Al terzo posto troviamo la richiesta ritenuta eccessiva di garanzie per ottenere l’affidamento (19,3%) che ha nelle imprese delle costruzioni (25,3%) la criticità più elevata. È interessante osservare come tali questioni siano intuitivamente sottolineate soprattutto da chi ha notato un peggioramento delle possibilità di accesso al credito. Tuttavia, anche fra chi ritiene non vi siano stati cambiamenti particolari o abbia percepito miglioramenti tale parere è in buona misura condiviso. Segno che selettività dei criteri, lunghezza delle pratiche e richiesta eccessiva di garanzie rappresentano fattori comuni per tutte le imprese.

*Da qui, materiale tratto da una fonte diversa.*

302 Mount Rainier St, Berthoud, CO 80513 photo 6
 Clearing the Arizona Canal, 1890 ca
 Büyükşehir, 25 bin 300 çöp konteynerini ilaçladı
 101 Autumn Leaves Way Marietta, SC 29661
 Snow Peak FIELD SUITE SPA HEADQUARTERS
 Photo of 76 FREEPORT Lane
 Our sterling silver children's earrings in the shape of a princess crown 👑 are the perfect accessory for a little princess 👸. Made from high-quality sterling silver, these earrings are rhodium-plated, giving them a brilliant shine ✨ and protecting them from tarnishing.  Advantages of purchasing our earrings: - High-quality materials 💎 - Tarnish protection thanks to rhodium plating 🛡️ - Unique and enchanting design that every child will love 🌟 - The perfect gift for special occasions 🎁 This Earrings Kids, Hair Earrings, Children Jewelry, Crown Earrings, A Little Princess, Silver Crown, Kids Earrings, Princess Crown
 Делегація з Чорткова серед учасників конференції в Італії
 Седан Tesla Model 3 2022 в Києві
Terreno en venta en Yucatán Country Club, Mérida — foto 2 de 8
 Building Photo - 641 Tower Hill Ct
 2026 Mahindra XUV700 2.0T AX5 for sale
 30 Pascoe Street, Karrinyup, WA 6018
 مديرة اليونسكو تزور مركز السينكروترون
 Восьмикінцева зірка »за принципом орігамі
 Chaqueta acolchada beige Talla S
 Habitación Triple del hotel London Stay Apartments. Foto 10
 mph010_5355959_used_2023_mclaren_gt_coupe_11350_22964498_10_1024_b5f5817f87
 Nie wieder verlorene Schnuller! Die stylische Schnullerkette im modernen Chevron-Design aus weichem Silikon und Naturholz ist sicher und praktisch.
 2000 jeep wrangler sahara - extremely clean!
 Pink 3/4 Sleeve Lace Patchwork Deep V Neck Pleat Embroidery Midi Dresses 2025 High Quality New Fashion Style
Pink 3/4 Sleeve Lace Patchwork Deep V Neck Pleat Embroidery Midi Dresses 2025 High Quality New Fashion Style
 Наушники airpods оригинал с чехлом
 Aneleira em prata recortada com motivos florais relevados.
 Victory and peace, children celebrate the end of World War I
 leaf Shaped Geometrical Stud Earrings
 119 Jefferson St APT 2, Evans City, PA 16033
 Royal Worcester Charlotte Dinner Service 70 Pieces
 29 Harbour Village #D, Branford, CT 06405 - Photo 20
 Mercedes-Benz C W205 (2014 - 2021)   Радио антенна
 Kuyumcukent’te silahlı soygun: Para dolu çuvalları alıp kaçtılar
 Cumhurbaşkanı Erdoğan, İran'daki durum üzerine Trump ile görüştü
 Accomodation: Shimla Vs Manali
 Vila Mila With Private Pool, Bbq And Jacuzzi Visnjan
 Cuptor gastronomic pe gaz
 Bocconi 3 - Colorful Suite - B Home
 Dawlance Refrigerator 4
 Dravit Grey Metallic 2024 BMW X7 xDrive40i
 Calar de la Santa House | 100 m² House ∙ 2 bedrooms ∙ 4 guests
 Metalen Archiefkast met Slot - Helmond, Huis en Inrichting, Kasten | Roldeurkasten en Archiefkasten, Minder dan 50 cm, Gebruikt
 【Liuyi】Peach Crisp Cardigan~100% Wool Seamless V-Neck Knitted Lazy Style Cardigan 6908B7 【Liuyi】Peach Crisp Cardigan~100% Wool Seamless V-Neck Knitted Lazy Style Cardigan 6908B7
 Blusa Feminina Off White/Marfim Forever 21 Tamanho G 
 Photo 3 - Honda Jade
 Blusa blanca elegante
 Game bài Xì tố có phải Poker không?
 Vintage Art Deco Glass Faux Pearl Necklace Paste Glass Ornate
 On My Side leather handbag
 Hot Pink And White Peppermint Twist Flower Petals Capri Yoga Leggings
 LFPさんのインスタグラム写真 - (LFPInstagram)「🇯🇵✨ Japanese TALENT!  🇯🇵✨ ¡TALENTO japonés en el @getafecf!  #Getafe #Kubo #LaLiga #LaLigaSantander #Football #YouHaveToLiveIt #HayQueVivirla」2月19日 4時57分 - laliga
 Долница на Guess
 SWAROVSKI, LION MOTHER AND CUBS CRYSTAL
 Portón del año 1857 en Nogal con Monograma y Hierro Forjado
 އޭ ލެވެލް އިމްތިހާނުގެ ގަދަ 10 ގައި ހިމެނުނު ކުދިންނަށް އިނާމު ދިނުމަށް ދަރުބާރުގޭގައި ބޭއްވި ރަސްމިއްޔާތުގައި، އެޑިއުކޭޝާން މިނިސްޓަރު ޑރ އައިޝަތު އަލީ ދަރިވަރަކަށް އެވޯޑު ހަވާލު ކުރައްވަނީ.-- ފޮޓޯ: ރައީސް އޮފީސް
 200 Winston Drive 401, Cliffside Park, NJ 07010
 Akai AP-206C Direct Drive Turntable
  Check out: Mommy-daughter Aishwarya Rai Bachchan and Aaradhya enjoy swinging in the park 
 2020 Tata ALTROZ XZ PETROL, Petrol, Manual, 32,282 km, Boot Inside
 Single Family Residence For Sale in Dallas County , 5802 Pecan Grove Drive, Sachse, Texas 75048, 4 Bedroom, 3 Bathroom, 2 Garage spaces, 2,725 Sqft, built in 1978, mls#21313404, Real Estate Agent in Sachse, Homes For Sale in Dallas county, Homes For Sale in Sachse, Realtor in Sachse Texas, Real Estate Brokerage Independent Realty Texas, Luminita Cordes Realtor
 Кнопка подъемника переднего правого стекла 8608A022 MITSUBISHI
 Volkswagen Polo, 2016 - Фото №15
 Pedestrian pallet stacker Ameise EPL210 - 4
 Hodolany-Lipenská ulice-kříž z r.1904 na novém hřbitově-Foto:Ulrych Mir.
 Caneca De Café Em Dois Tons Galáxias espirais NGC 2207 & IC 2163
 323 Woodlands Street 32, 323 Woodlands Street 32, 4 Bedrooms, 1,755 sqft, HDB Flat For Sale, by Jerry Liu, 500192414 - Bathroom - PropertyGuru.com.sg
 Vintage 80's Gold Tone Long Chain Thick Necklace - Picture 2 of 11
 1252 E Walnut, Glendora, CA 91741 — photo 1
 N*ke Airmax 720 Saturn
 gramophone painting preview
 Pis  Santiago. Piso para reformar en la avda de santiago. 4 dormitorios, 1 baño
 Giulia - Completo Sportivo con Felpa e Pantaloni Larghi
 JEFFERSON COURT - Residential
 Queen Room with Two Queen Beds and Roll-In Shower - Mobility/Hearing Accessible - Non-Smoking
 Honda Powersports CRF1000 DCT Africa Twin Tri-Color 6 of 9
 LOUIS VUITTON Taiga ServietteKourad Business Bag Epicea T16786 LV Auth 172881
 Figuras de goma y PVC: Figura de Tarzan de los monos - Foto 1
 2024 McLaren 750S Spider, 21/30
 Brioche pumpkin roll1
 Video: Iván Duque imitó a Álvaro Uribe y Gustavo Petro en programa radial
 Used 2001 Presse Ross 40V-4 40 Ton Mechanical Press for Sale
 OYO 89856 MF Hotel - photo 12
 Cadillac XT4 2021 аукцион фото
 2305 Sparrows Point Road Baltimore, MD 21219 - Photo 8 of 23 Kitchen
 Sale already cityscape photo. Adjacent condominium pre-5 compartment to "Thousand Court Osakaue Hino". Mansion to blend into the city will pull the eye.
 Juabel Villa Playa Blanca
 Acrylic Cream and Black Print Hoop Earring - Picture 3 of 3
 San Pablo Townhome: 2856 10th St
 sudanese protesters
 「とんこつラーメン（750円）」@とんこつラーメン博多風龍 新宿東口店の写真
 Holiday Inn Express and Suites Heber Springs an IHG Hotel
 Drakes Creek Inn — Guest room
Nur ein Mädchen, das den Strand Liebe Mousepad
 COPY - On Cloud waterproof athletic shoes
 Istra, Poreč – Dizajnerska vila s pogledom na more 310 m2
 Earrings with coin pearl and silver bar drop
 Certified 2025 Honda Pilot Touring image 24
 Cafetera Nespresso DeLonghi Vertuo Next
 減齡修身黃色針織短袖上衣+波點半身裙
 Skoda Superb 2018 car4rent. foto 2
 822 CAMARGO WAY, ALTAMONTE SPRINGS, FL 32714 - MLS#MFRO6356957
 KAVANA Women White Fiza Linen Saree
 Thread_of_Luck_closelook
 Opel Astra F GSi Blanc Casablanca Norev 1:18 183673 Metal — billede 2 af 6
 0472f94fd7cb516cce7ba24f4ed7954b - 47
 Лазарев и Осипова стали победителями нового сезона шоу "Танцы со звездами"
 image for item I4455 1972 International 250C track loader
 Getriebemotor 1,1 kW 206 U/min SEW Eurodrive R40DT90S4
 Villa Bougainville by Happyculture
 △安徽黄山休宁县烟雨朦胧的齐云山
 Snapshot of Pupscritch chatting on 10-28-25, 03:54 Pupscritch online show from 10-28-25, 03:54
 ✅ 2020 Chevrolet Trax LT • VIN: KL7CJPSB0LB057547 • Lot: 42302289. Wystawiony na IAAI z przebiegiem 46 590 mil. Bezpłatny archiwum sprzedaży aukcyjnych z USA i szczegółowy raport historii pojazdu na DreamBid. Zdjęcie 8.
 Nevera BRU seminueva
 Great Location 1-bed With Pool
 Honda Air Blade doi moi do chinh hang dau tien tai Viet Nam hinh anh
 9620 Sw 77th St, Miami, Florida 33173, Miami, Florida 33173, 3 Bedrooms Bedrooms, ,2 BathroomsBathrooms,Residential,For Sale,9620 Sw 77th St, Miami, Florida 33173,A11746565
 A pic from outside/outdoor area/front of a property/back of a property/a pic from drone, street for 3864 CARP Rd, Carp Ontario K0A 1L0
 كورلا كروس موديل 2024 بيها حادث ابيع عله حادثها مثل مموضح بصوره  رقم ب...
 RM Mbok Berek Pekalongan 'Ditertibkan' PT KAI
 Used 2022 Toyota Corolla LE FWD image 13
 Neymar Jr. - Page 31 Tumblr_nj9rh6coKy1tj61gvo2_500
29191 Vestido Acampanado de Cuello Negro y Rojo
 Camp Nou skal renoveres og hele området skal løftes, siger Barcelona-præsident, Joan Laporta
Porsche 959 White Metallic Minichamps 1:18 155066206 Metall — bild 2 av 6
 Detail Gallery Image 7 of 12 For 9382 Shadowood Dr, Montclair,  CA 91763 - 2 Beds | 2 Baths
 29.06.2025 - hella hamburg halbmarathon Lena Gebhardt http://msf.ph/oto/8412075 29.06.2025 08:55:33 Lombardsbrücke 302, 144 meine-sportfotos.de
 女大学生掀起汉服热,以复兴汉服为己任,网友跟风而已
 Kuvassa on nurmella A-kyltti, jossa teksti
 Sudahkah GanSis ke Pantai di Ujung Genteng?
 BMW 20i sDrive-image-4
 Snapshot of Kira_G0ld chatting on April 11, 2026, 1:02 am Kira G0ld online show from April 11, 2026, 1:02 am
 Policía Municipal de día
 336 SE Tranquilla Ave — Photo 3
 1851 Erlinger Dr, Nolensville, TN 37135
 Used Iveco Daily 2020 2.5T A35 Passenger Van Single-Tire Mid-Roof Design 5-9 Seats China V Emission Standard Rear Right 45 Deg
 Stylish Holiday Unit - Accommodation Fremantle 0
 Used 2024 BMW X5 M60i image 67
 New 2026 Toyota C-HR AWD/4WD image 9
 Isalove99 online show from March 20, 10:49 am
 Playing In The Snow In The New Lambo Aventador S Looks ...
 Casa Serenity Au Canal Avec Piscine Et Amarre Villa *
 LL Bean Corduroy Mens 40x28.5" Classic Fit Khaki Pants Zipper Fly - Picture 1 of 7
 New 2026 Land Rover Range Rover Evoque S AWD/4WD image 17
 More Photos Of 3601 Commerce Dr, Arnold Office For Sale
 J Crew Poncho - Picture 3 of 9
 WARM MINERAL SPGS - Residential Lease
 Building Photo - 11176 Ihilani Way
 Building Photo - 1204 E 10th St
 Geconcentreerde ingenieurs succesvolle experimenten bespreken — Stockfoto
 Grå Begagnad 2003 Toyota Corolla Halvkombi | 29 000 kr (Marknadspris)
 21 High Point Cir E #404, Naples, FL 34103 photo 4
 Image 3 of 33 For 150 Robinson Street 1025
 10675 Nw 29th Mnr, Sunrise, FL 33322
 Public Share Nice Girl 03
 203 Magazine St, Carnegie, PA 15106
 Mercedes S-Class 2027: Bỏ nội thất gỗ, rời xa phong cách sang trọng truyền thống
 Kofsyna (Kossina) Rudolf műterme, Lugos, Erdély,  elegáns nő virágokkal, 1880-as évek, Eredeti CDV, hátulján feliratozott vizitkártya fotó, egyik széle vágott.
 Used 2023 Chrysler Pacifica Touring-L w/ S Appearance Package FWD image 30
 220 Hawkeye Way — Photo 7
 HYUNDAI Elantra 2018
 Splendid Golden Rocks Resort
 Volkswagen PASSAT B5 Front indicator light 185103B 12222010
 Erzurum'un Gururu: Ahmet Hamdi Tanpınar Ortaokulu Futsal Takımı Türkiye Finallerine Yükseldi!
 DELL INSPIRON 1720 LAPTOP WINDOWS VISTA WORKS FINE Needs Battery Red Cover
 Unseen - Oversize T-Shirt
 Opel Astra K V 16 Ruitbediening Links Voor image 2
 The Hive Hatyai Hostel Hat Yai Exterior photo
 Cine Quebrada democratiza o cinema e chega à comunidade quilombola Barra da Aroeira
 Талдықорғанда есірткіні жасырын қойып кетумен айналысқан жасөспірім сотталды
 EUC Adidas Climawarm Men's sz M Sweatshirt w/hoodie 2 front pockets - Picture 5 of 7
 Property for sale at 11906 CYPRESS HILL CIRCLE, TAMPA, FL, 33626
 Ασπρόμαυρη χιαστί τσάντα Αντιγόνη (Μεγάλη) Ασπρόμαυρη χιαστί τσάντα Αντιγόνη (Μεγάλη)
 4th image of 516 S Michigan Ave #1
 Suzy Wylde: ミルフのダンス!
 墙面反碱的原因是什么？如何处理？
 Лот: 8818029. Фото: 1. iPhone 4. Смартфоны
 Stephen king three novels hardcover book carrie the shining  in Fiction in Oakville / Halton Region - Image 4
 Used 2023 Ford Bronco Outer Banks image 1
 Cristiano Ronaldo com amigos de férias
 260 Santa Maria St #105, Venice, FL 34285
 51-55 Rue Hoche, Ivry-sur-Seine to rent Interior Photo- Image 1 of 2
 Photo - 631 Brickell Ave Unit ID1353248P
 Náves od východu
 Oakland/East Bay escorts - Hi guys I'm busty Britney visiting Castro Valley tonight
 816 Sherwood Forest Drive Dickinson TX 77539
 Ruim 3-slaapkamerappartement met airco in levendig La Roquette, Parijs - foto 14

Una conferma ulteriore a questi esiti viene dalla valutazione nei confronti del rapporto con la propria banca di riferimento. Ben il 50,3% vede peggiorato l’accesso ai finanziamenti e il 44,2% indica una eccessiva lentezza nella risposta alle esigenze. Leggermente meglio è valutata la flessibilità della banca nell’adattarsi ai bisogni reali dell’impresa (62,5% almeno sufficiente) e la chiarezza delle informazioni (69,5%). Ma è il capitale umano degli istituti di credito, la loro competenza, a marcare positivamente il rapporto fra banche e imprese (75,9%). E a fare la differenza.